Buick Gallery and Research Center
A GM Heritage Site
BUICK GALLERY AND RESEARCH CENTER BACKGROUND Buick has a unique and incredibly important history: Buick formed the foundation upon which General Motors was built. William C. “Billy” Durant & partner Dallas Dort were successful carriage makers when Durant took over tiny, struggling Buick in 1904. By 1908 he’d turned it into the world’s largest producer of automobiles. He shrewdly parlayed that success into the creation of GM and the rest is history. All of this took place in Flint, Michigan which had been a huge lumber town, then a major carriage-building center with all the accompanying industries that supported it. Then it was cars. Ford was in Dearborn, Chrysler was in Auburn Hills. But Flint belonged to General Motors. And this lovely old brick building was once home to Buick’s own Research & Development Center where advanced design work was done, and some of Buick’s famous ‘concept cars’ were conceived. Today, it’s a museum, open to the public for the paltry sum of $9.00, which includes the Sloan Museum, which is one building over.

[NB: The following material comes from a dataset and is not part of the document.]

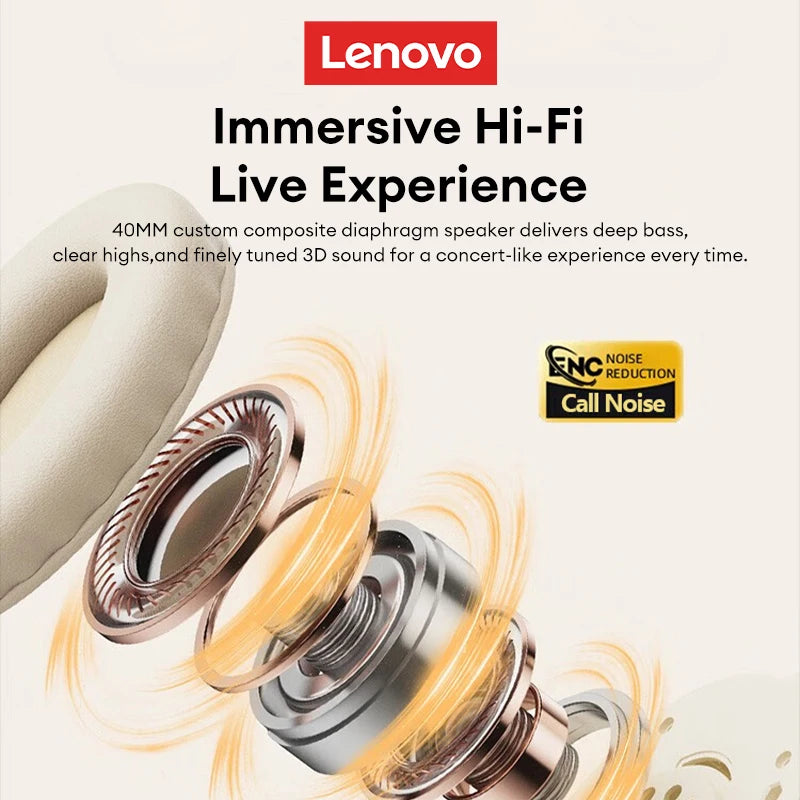 Auriculares para juegos Lenovo TH30, inalámbricos, supraaurales, Bluetooth, sonido estéreo de 360°, deportivos, de larga duración y baja latencia.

WALKING THE BUICK GALLERY AND RESEARCH CENTER
As we walked in, I was taken with the look of the place. While it was old, and I like old, it was also clean and modern, well-lit yet dark enough to be dramatic, with enough open space to move around and really enjoy the cars. And for a shutter-bug like me, the more angles you can get on a car, the better. Along the outer walls, starting in front, it starts with horse-drawn buggies and carriages, then advances to horseless carriages, and then to early cars, and beyond. The horseless carriage with the red upholstery, below, is actually a very early Pontiac. An early prototype for the first Trans Am, perhaps. (Kidding, of course.)
CARS, CARS & MORE CARS…
The photo above gives a good idea of how they progressed through the early history of the automobile, working their way from left-to-right, with a ’63 Split Window Vette in the middle of it all.
ABOVE: This lovely white Buick is a 1910 Model 16. Check out the tires on it.
BELOW: This is a closeup of the tires, above. Check out the tread pattern. It spells out “NO SKID” again & again, in both directions. Clever, huh? Wonder how well they worked? So well that you never see them anymore.
ABOVE: This 4,700-pound beast is a 1958 Buick Roadmaster 75. That front bumper & grille looks like it weighs 300 pounds itself.
BELOW: This 1987 Buick GNX is one of only 547 built that year, truly a limited-edition, with power & handling upgrades which allowed it to go 0-60 mph in just 4.7 seconds.
100 MILLIONTH GM CAR
GM has always made a big deal over production milestones like this, often throwing a party, or a parade. But they never seemed to choose very spectacular cars to receive this great honor. The 50 Millionth GM car was a 1955 Chevy 210-series 2-door hardtop, not even a Bel Air. The 75 Millionth was a ’64 Pontiac Bonneville convertible (why not a Grand Prix, or better yet the first-year ’64 GTO? Above and below are pictured GM’s 100 Millionth car, a lowly 1967 Chevy Caprice with a formal roof. Why not a Corvette?
The Buick Gallery and Research Center was where many of Buick’s famous concept cars were conceived and in some cases developed, including what is commonly considered the world’s first concept car, the 1938 Buick Y-job. Above and below is the ungainly 1956 Buick Centurion, which shows strong fighter plane influences, typical of these “Jet Age” cars. Notice the clear cockpit bubble. The rear end looks like the tail of a jet, with its rear stabilizers and afterburners.
ABOVE & BELOW: This sinister-looking beauty almost has a Batmobile look to it. It’s actually a 1967 Pontiac Phantom concept car. Not very practical with its mail slot side windows, but it surely must have been a show-stopper at the time.
ABOVE: The 1951 Buick XP300 also had strong Jet Age styling cues, and made no apologies for it.
BELOW: There is a small workshop within the Buick Gallery and Research Center, certainly not big enough to actually restore cars, more likely used for simple repairs, maintenance and detailing.